Material provided:
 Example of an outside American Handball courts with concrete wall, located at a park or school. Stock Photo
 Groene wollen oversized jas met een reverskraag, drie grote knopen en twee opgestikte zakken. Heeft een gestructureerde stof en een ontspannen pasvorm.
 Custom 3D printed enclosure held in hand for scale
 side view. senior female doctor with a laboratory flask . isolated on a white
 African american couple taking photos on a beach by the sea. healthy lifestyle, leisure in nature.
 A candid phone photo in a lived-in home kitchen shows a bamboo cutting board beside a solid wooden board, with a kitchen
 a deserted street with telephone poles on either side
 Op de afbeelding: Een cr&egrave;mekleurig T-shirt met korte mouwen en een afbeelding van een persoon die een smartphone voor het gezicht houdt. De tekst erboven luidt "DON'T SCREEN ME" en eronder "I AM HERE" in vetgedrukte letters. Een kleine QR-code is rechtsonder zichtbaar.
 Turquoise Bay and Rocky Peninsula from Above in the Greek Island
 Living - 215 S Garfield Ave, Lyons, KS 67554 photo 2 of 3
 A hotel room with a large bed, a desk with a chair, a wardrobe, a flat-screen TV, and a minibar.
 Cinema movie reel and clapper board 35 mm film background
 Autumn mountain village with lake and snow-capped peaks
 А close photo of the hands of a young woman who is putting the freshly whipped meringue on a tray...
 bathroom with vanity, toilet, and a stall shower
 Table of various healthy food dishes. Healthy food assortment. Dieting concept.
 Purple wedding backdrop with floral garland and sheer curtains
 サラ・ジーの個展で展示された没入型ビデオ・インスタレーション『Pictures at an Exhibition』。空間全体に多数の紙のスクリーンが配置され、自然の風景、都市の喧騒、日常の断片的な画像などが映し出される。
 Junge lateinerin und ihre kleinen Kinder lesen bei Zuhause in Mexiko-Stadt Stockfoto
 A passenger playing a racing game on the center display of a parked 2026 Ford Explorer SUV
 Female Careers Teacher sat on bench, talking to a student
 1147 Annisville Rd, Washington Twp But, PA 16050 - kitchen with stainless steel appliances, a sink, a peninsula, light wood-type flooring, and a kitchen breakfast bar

Task:
Pick out each line in the material containing "board".

Solution to this exercise:
 A candid phone photo in a lived-in home kitchen shows a bamboo cutting board beside a solid wooden board, with a kitchen
 Cinema movie reel and clapper board 35 mm film background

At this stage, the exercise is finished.